● **About this task**: Pictures are to be omitted, and every entry below is to be restated exactly.

(Source records)
▬▬▬▬▬▬

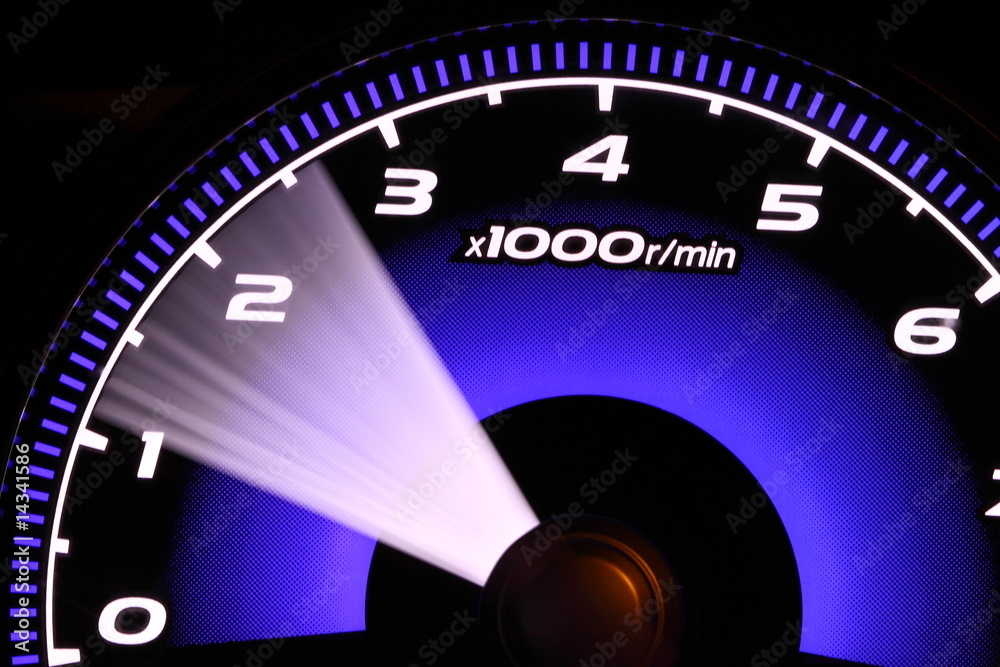 Naklejka premium illuminated speedometer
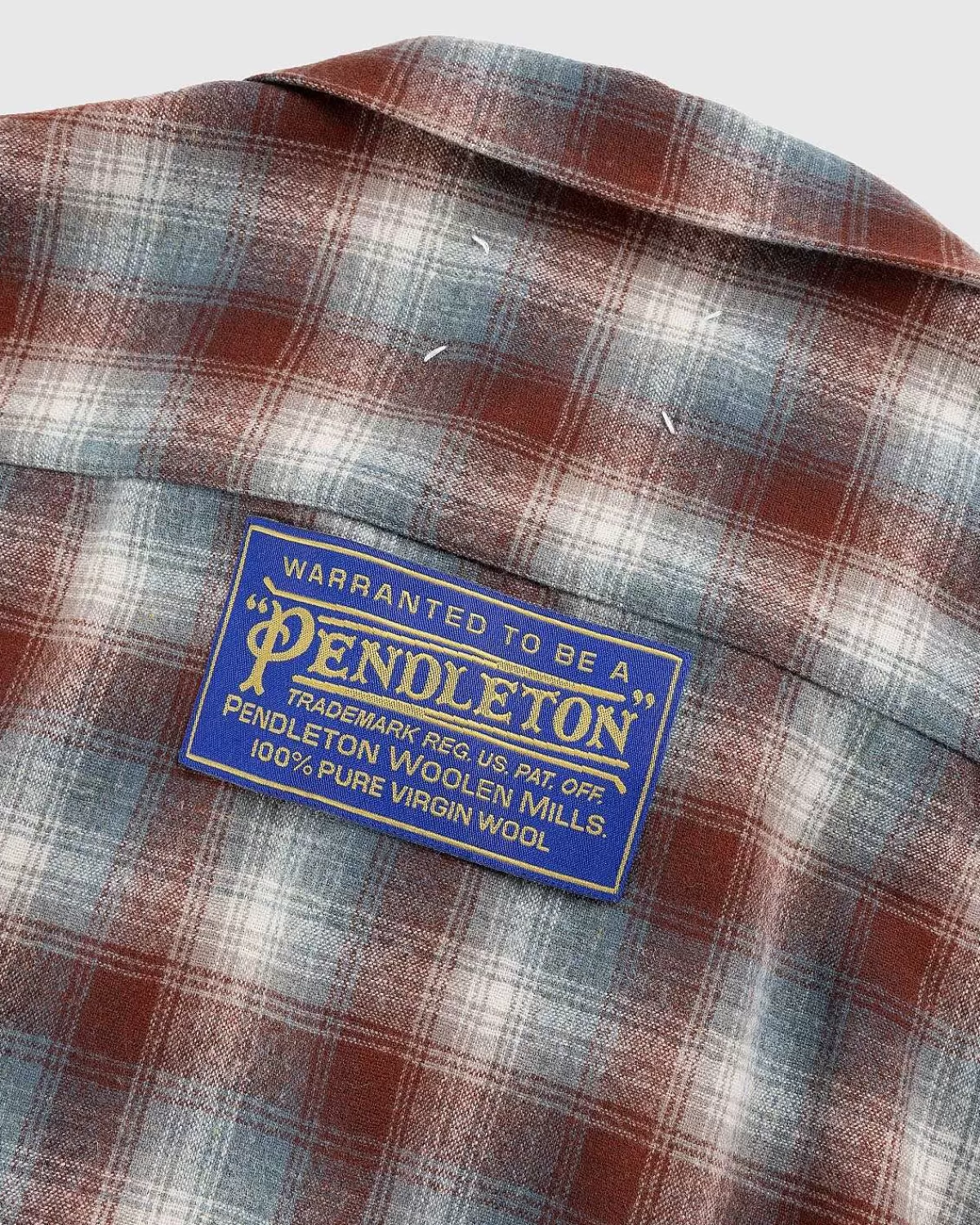 oversized_ternet_uld_buttondown_skjorte_multi_6.webp Skjorter>Maison Margiela Oversized Ternet Uld Button-Down Skjorte Multi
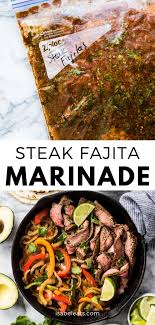 Steak Fajita Marinade In 2020 Steak Fajita Recipe Steak Fajitas Steak Fajita Marinade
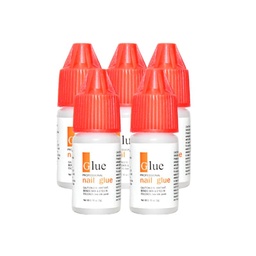 [M011] Kit de 5 unidades de pegamento para uñas Nail Glue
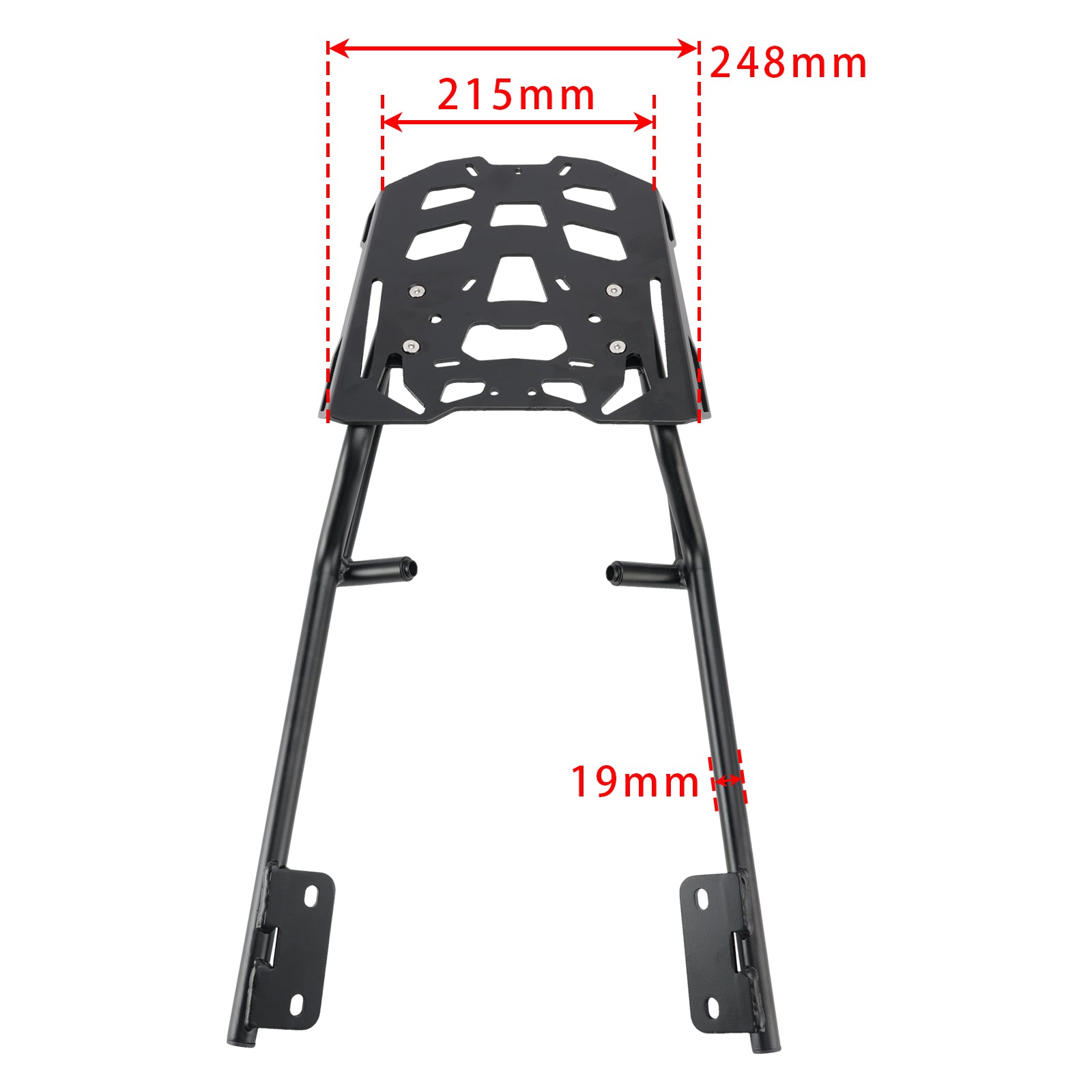 2016-2020 Yamaha Tracer 700 / GT Black Luggage Rack Cargo Rear Carrier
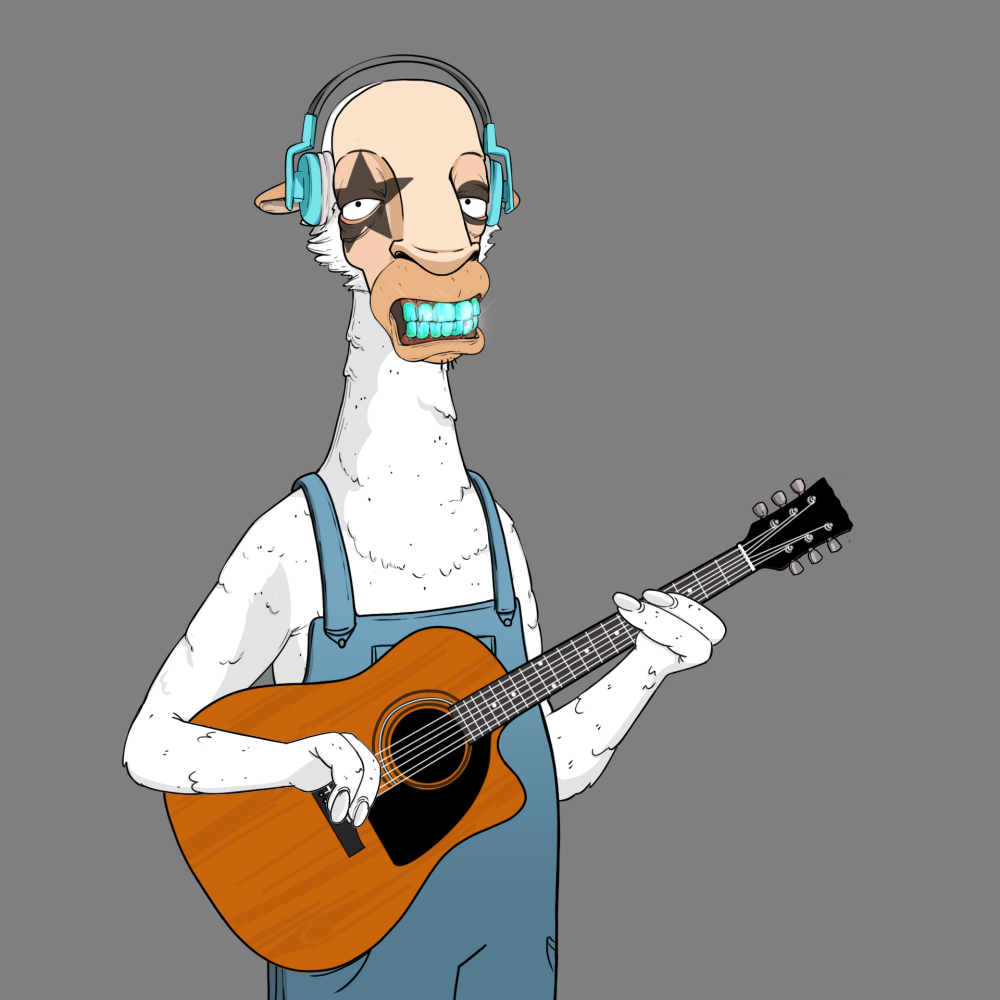 Jammin' Alpacas #8284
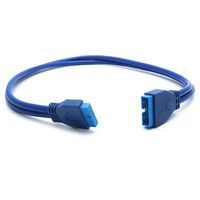 Yootop Motherboard Extension Cable USB 3.0 20Pin Male to Female 50cm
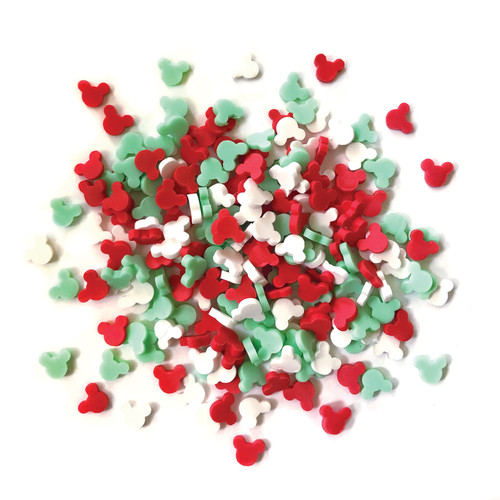 6 Pack Buttons Galore Sprinkletz Embellishments 12g-Merry Mouse Ears BNK-151 - 840934013642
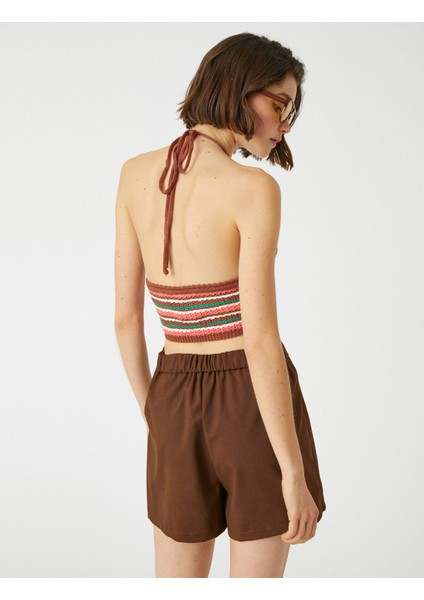 Halter Yaka Örme Atlet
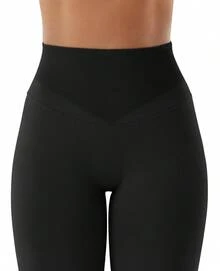 VOYJOY Women Impact Leggings Seamless Scrunch Butt Lifting Workout Leggings High Waisted Gym Yoga Pants Yoga Pants For Women  Black Pants Summer Clothes For Women - màu đen - Xem 8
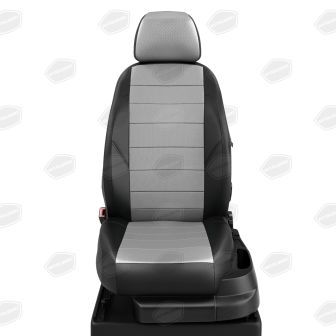 Купить Авточехлы для сидений Skoda Octavia с 2008-2012г. А5 ЭК-07 экокожа серая с перфорацией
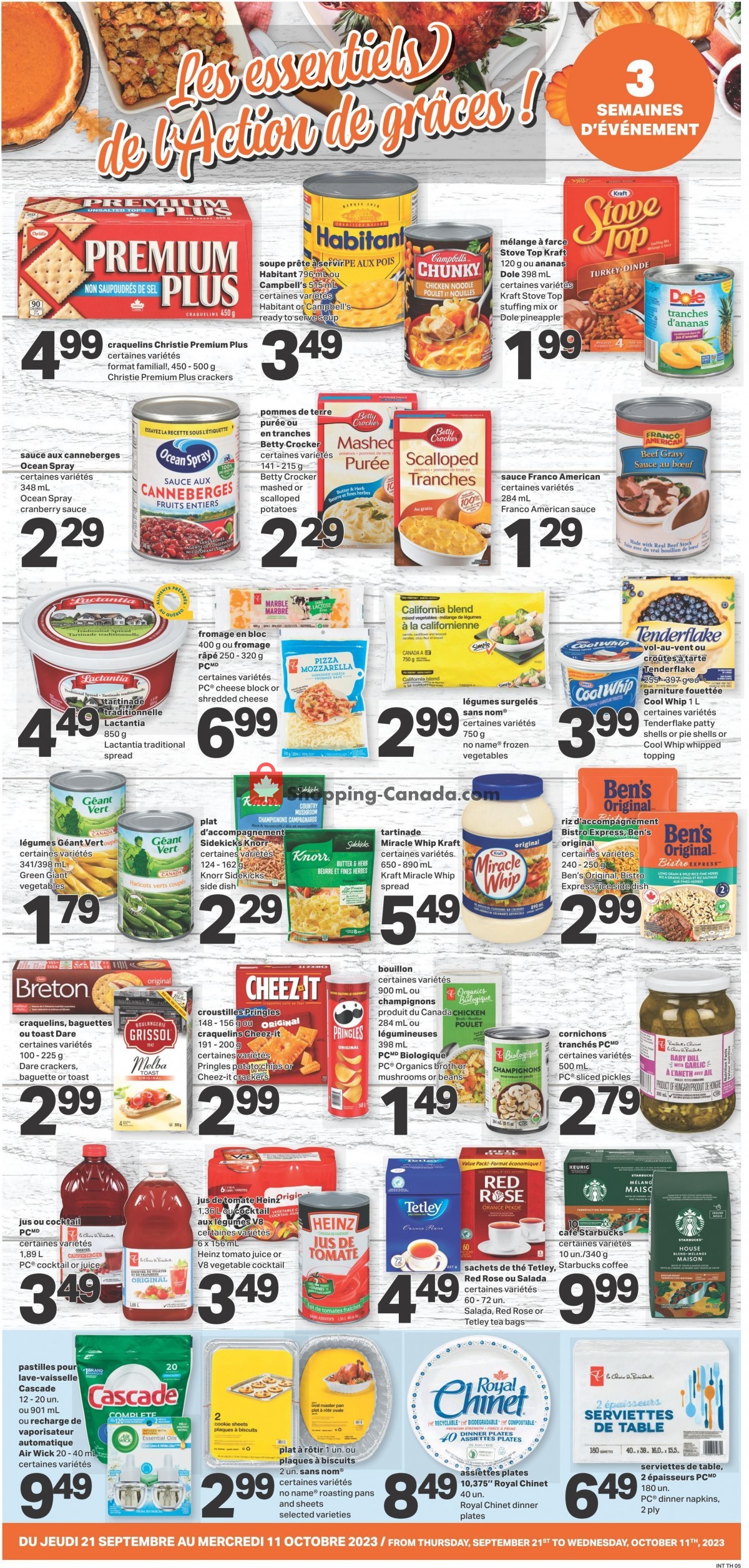 L'inter Marché flyer from Thursday October 5, 2023 to Wednesday October 11, 2023 - page 7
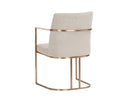 Belfast Oatmeal Dining Armchair Rayla by Matho Sun, view 4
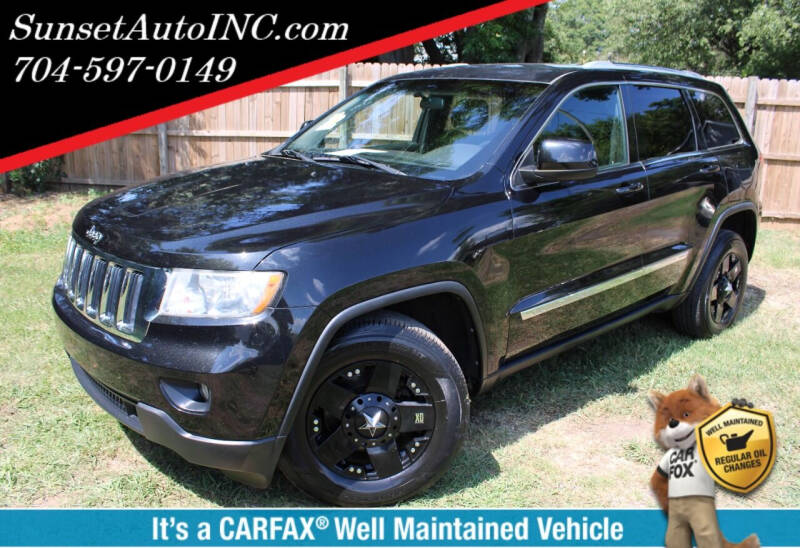 2012 Jeep Grand Cherokee for sale at Sunset Auto in Charlotte NC
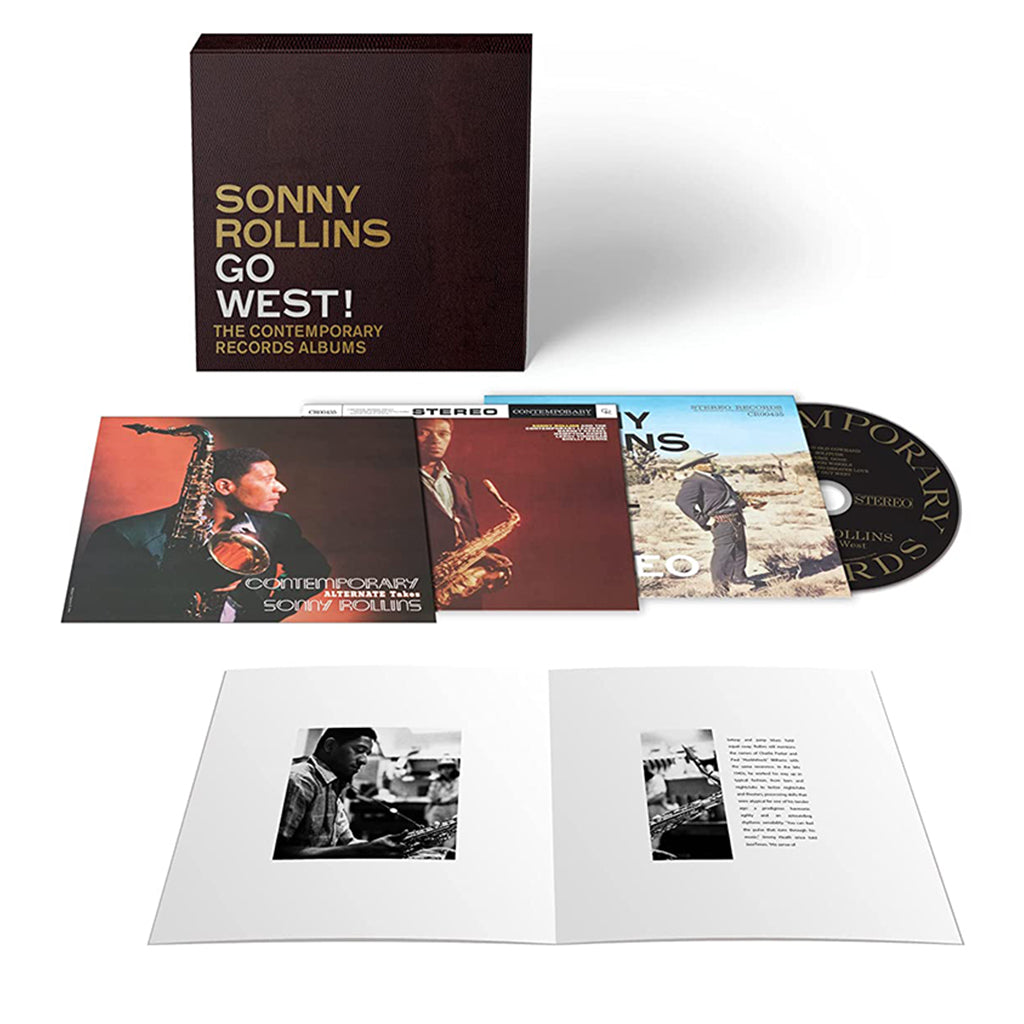 SONNY ROLLINS - Go West!: The Contemporary Records Albums - 3CD - Deluxe Box Set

▬▬▬▬▬▬

● **Expected answer**:
 Naklejka premium illuminated speedometer
 oversized_ternet_uld_buttondown_skjorte_multi_6.webp Skjorter>Maison Margiela Oversized Ternet Uld Button-Down Skjorte Multi
 Steak Fajita Marinade In 2020 Steak Fajita Recipe Steak Fajitas Steak Fajita Marinade
 [M011] Kit de 5 unidades de pegamento para uñas Nail Glue
 2016-2020 Yamaha Tracer 700 / GT Black Luggage Rack Cargo Rear Carrier
 Jammin' Alpacas #8284
 Yootop Motherboard Extension Cable USB 3.0 20Pin Male to Female 50cm
 6 Pack Buttons Galore Sprinkletz Embellishments 12g-Merry Mouse Ears BNK-151 - 840934013642
 Halter Yaka Örme Atlet
 VOYJOY Women Impact Leggings Seamless Scrunch Butt Lifting Workout Leggings High Waisted Gym Yoga Pants Yoga Pants For Women  Black Pants Summer Clothes For Women - màu đen - Xem 8
 Купить Авточехлы для сидений Skoda Octavia с 2008-2012г. А5 ЭК-07 экокожа серая с перфорацией
 L'inter Marché flyer from Thursday October 5, 2023 to Wednesday October 11, 2023 - page 7
 Belfast Oatmeal Dining Armchair Rayla by Matho Sun, view 4
 2012 Jeep Grand Cherokee for sale at Sunset Auto in Charlotte NC
 SONNY ROLLINS - Go West!: The Contemporary Records Albums - 3CD - Deluxe Box Set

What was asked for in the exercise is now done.